** TASK OBJECTIVE **
The full set of entries below, restated word for word and stripped of images, is the expected result.

Data entries:
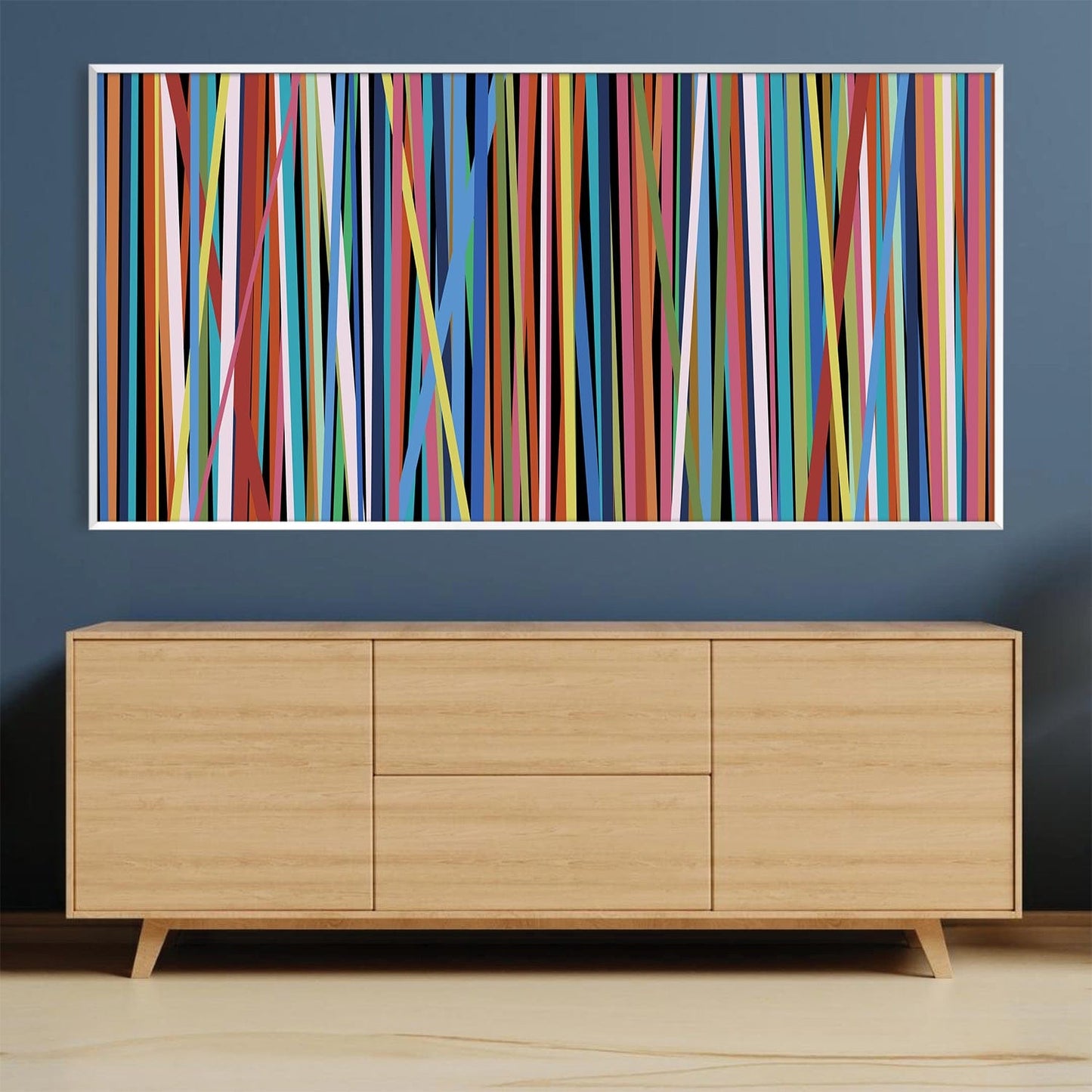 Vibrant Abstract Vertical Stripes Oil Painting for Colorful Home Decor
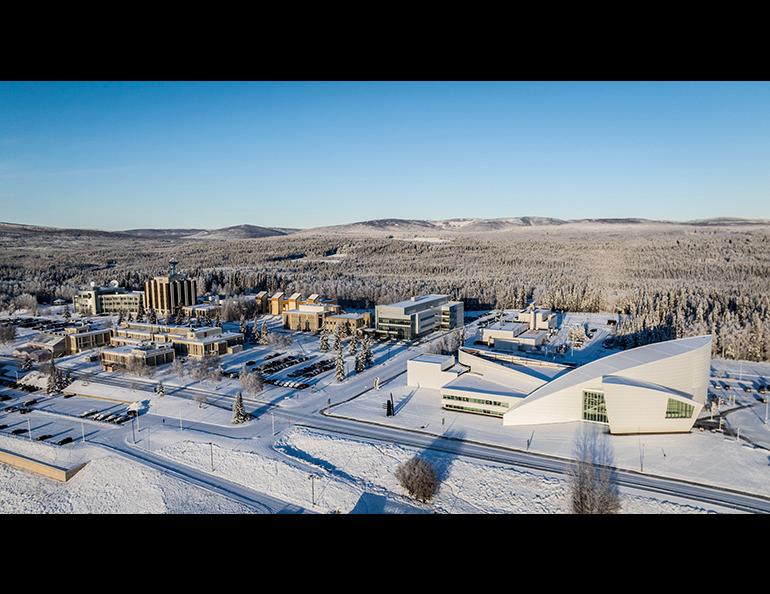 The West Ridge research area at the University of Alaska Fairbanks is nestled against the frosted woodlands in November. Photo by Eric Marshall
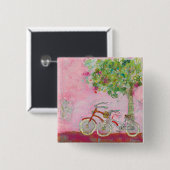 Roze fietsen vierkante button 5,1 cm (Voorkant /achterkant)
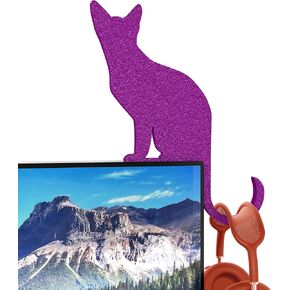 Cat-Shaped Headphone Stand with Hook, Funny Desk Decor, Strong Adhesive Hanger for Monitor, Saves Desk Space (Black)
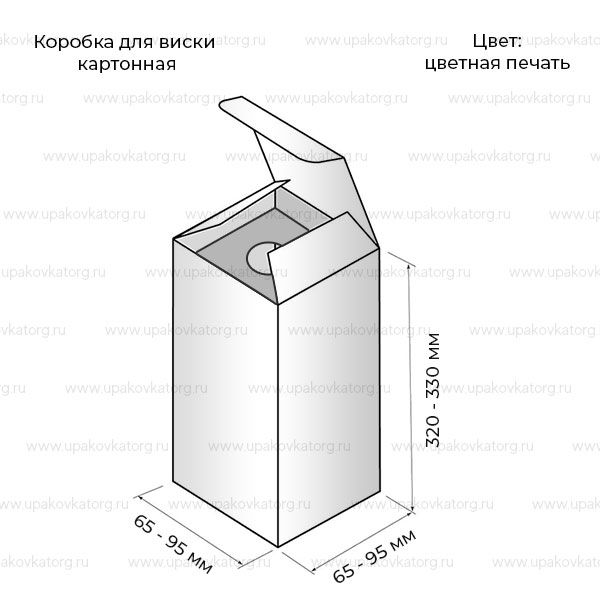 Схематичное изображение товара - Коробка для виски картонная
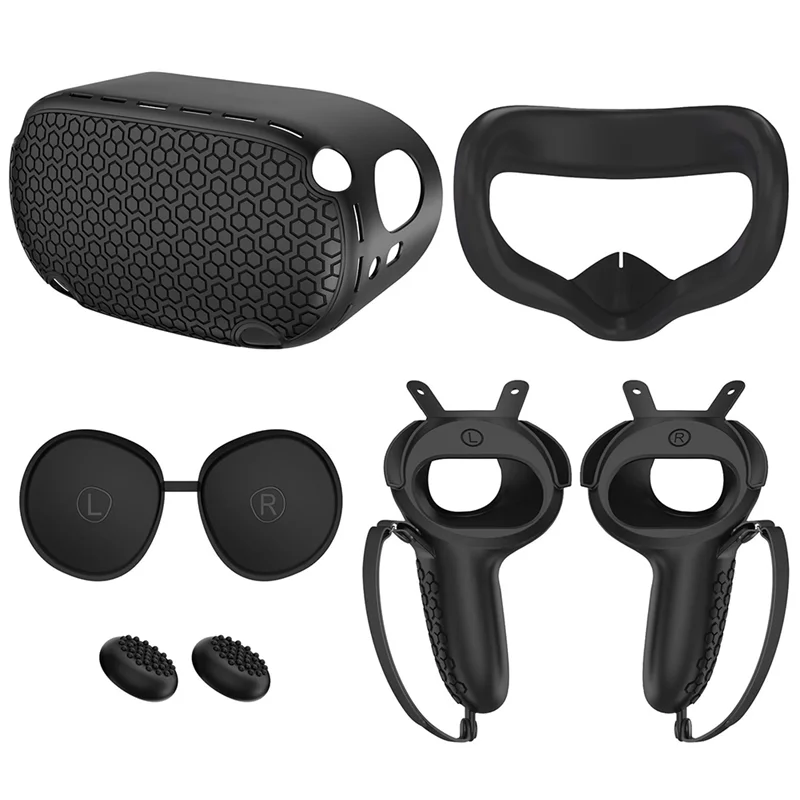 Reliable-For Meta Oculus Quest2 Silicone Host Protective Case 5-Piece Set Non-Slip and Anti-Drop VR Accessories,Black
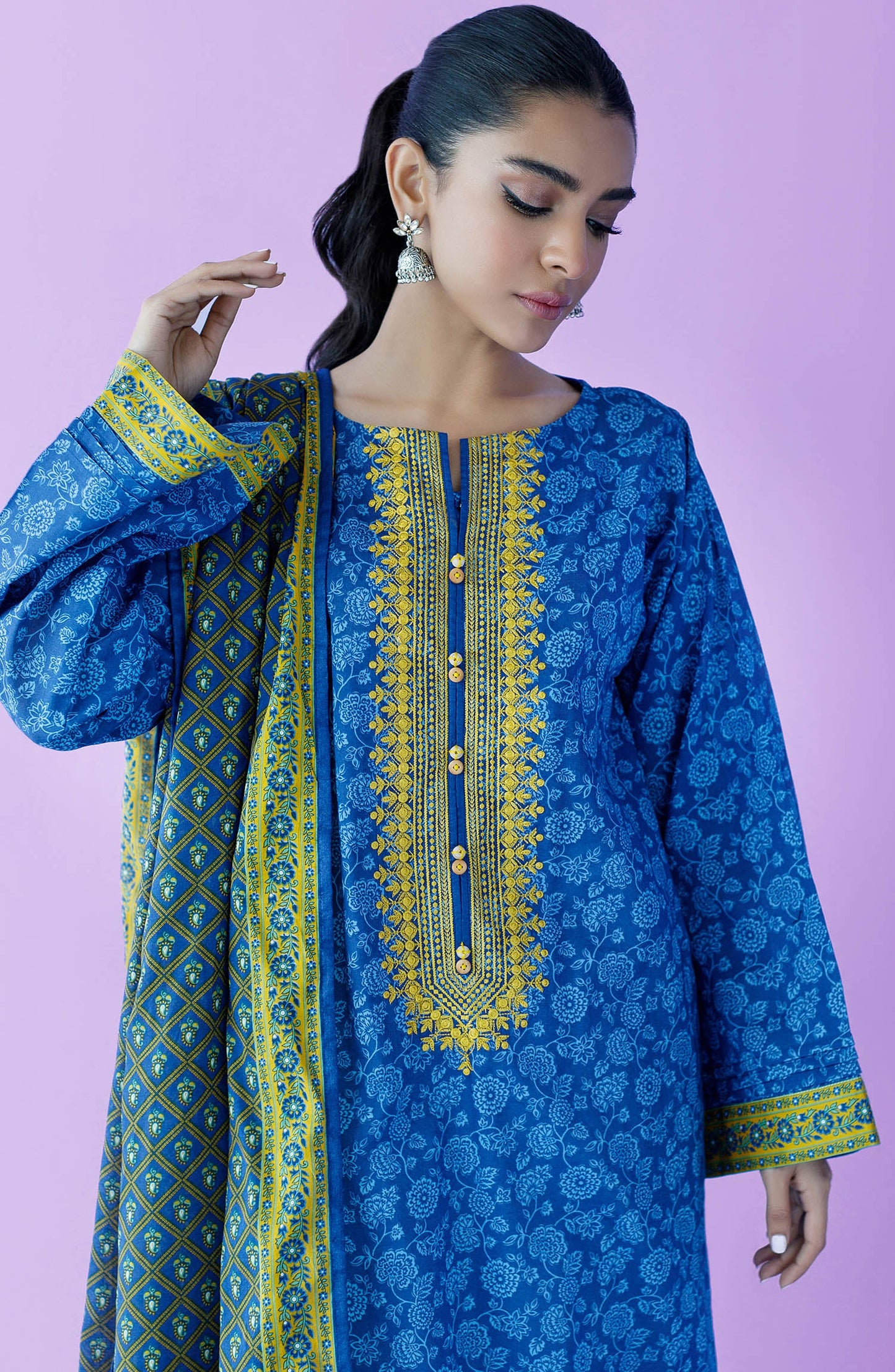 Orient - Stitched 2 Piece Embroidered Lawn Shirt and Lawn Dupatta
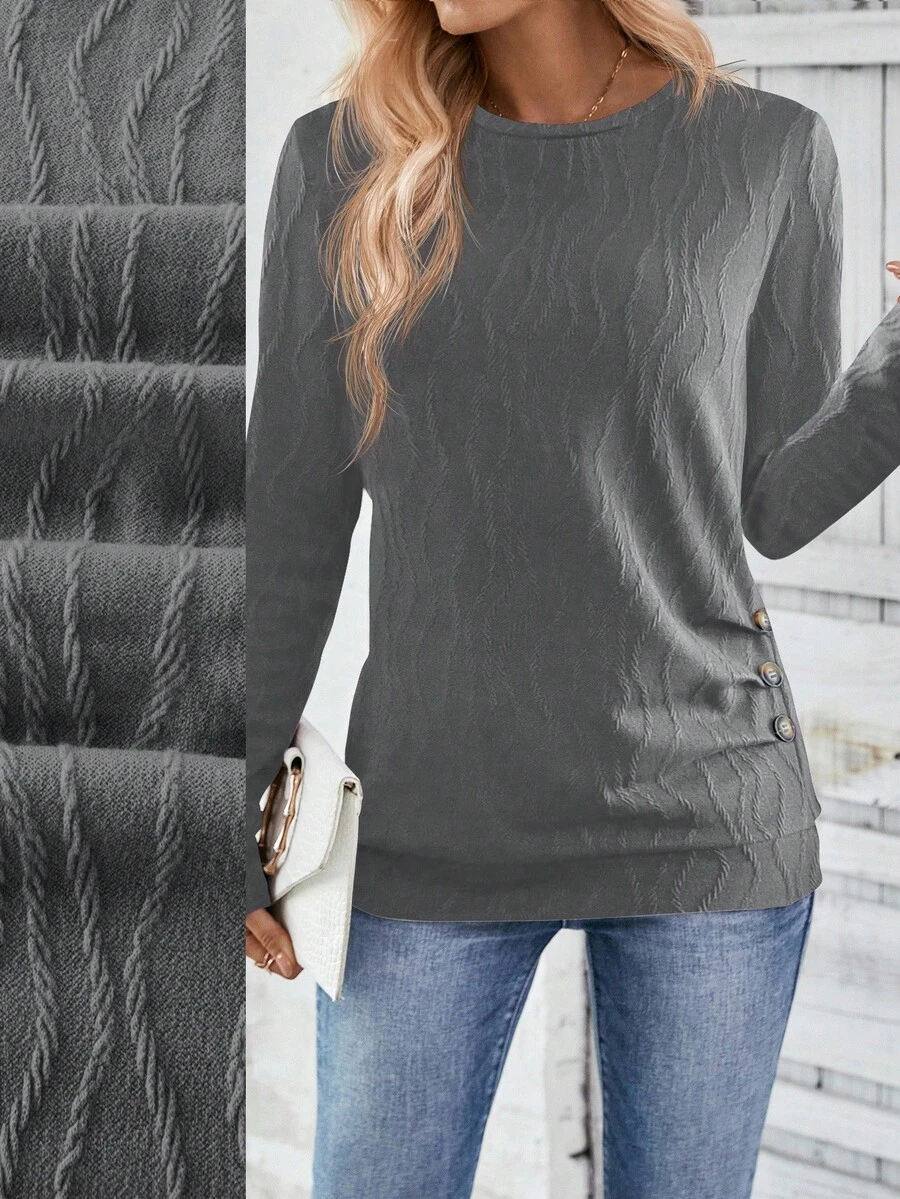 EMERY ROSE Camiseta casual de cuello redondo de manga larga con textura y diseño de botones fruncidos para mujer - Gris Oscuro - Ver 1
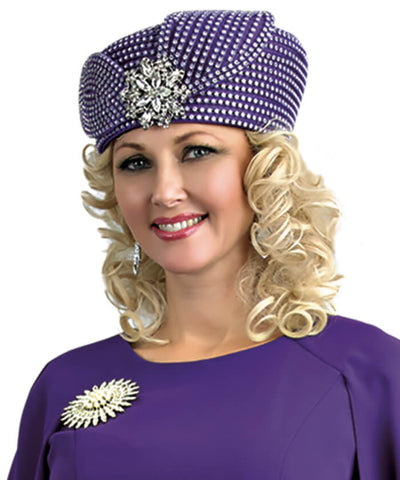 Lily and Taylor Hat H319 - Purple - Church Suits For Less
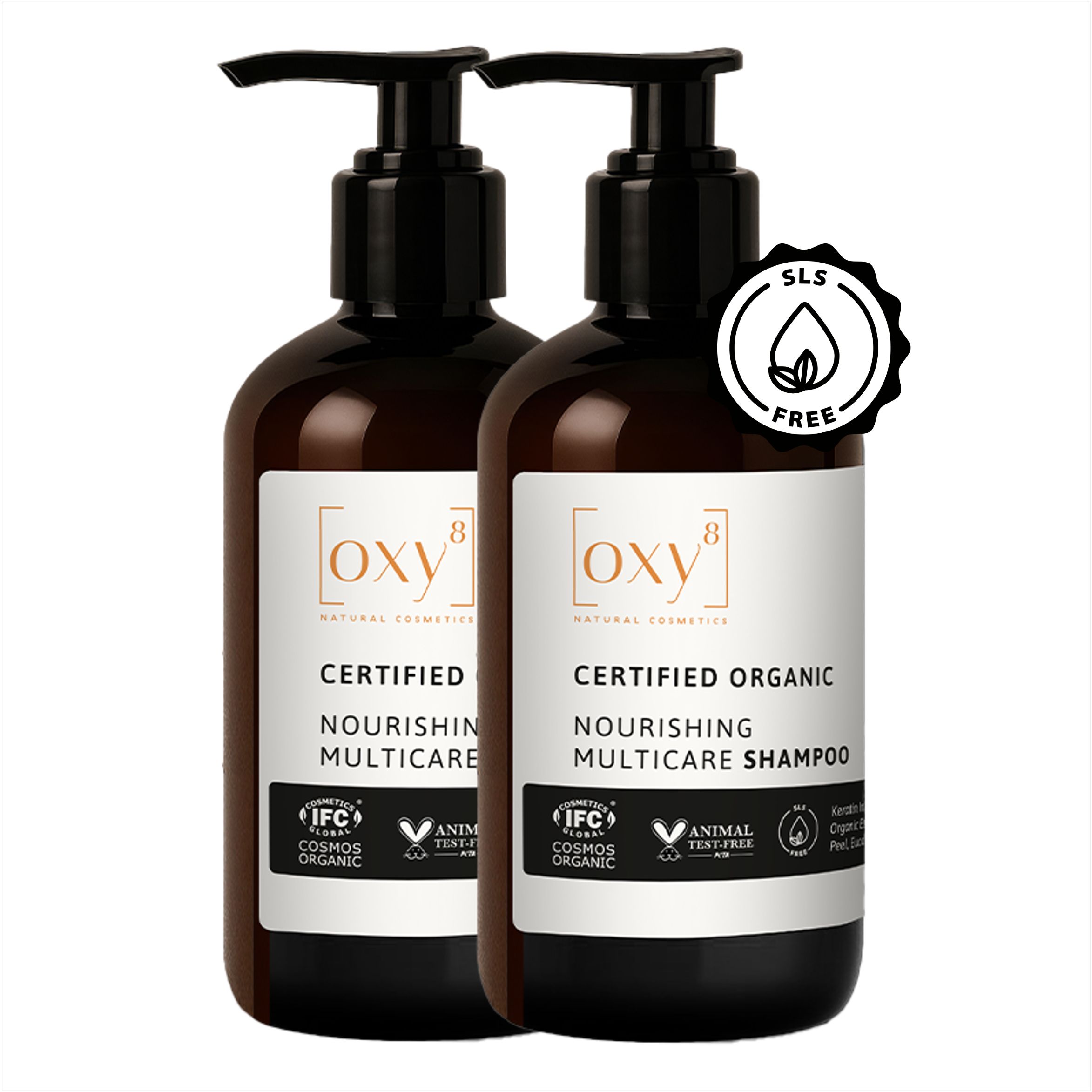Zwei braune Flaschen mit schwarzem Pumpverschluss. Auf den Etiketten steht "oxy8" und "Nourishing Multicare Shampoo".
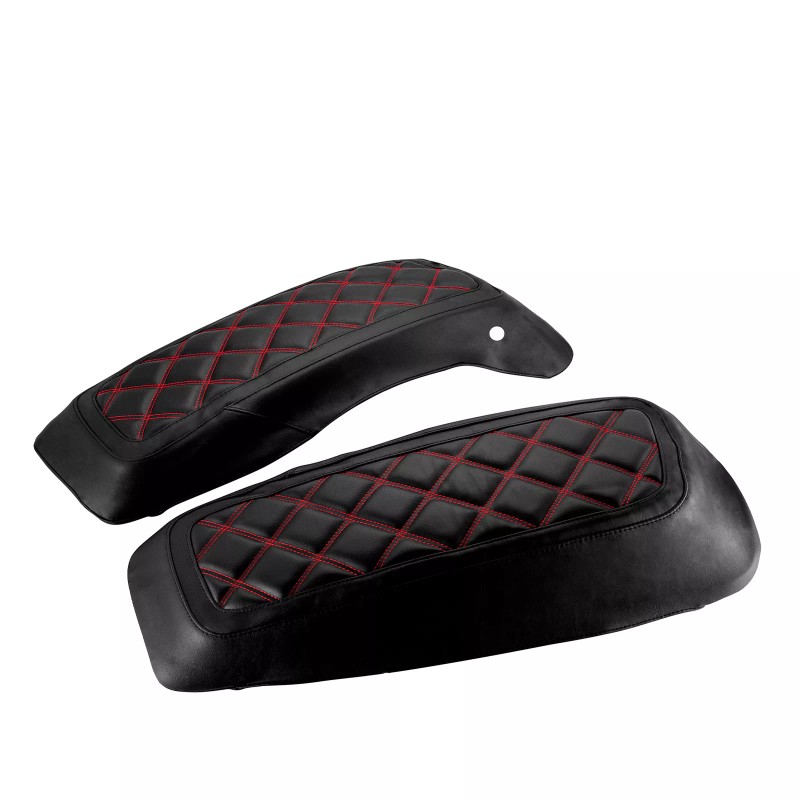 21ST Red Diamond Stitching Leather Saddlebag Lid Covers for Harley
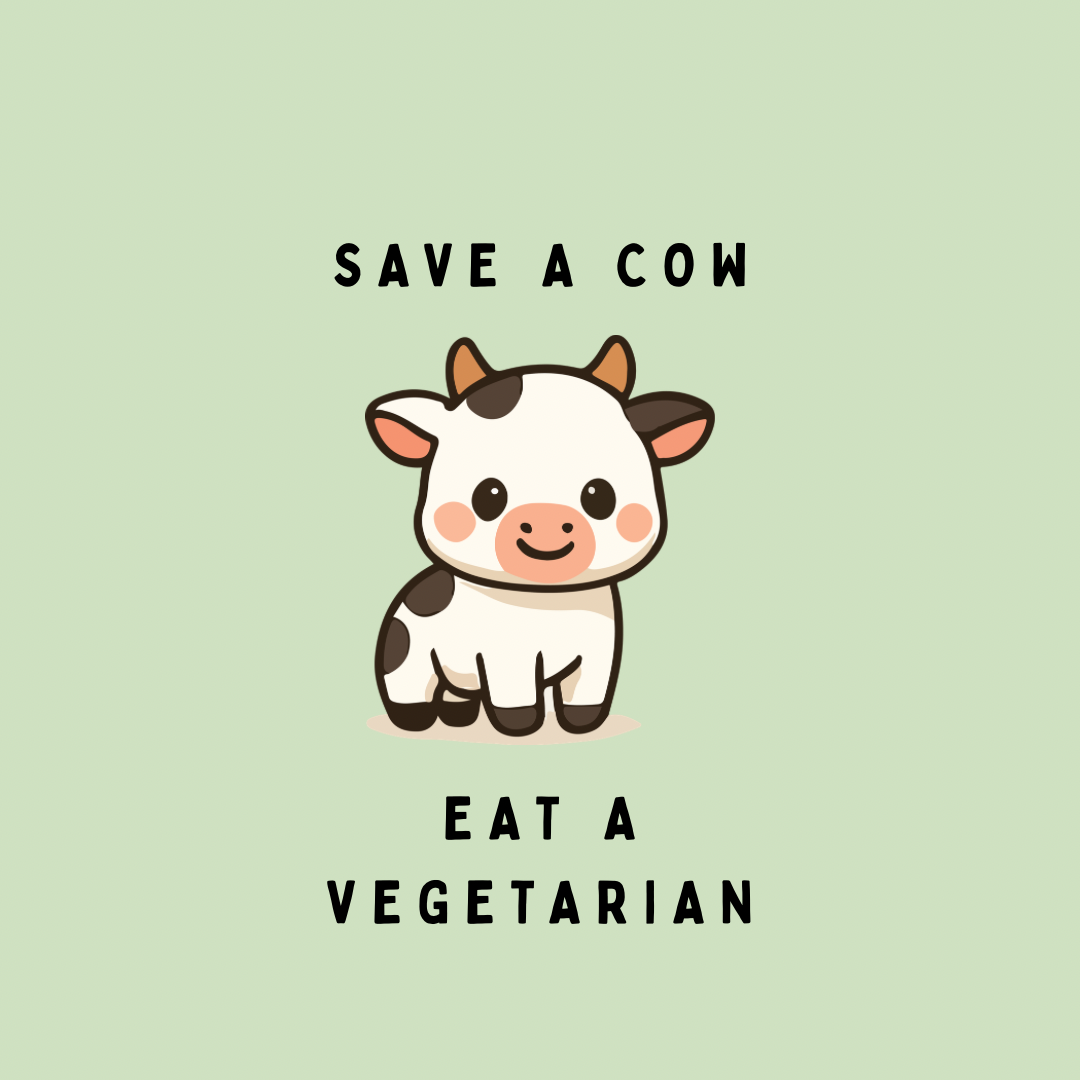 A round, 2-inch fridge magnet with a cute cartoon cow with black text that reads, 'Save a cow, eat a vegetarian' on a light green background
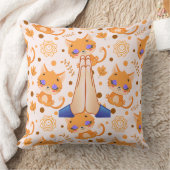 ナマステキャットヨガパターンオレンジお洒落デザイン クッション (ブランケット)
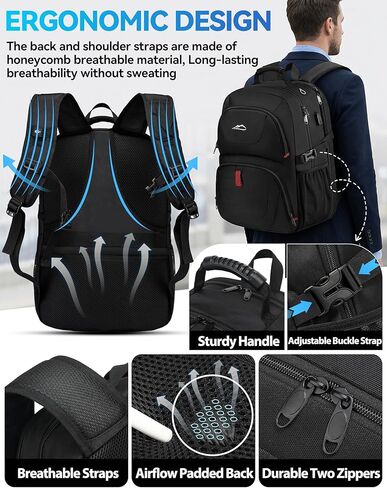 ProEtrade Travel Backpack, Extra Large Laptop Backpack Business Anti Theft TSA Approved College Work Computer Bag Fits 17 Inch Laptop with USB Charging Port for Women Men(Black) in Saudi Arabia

** OUTPUT FOR THIS TASK **
 Vibrant Abstract Vertical Stripes Oil Painting for Colorful Home Decor
 The West Ridge research area at the University of Alaska Fairbanks is nestled against the frosted woodlands in November. Photo by Eric Marshall
 Roze fietsen vierkante button 5,1 cm (Voorkant /achterkant)
 Cat-Shaped Headphone Stand with Hook, Funny Desk Decor, Strong Adhesive Hanger for Monitor, Saves Desk Space (Black)
 Схематичное изображение товара - Коробка для виски картонная
 Reliable-For Meta Oculus Quest2 Silicone Host Protective Case 5-Piece Set Non-Slip and Anti-Drop VR Accessories,Black
 Orient - Stitched 2 Piece Embroidered Lawn Shirt and Lawn Dupatta
 EMERY ROSE Camiseta casual de cuello redondo de manga larga con textura y diseño de botones fruncidos para mujer - Gris Oscuro - Ver 1
 Lily and Taylor Hat H319 - Purple - Church Suits For Less
Zwei braune Flaschen mit schwarzem Pumpverschluss. Auf den Etiketten steht "oxy8" und "Nourishing Multicare Shampoo".
 21ST Red Diamond Stitching Leather Saddlebag Lid Covers for Harley
 A round, 2-inch fridge magnet with a cute cartoon cow with black text that reads, 'Save a cow, eat a vegetarian' on a light green background
 ナマステキャットヨガパターンオレンジお洒落デザイン クッション (ブランケット)
 ProEtrade Travel Backpack, Extra Large Laptop Backpack Business Anti Theft TSA Approved College Work Computer Bag Fits 17 Inch Laptop with USB Charging Port for Women Men(Black) in Saudi Arabia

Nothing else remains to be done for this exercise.